- **Source material**
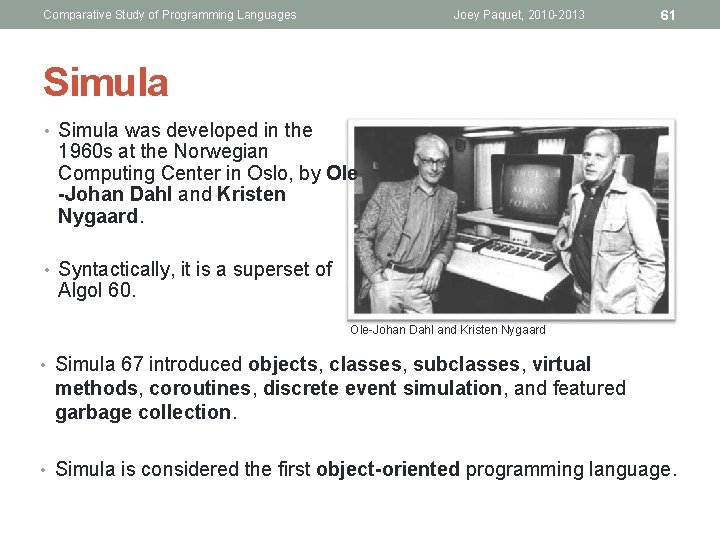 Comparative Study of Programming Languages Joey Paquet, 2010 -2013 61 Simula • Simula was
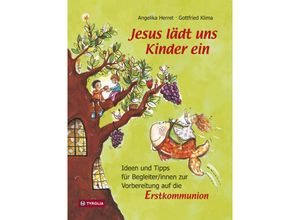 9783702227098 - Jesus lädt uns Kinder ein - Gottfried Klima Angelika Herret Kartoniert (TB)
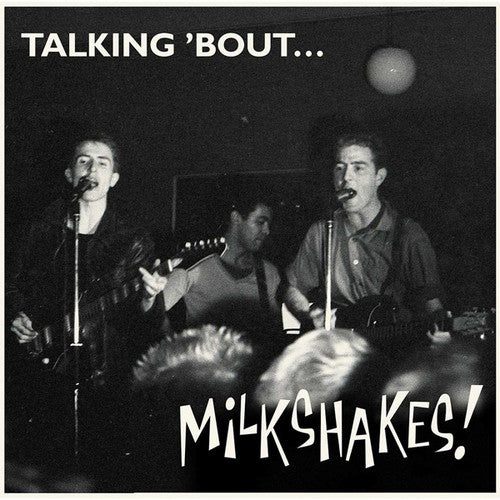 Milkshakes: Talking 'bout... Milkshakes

- **What is expected**
Since the pictures are not wanted, write out the rest of the data exactly as it reads.

- **Solution to this task**
 Comparative Study of Programming Languages Joey Paquet, 2010 -2013 61 Simula • Simula was
 9783702227098 - Jesus lädt uns Kinder ein - Gottfried Klima Angelika Herret Kartoniert (TB)
 Milkshakes: Talking 'bout... Milkshakes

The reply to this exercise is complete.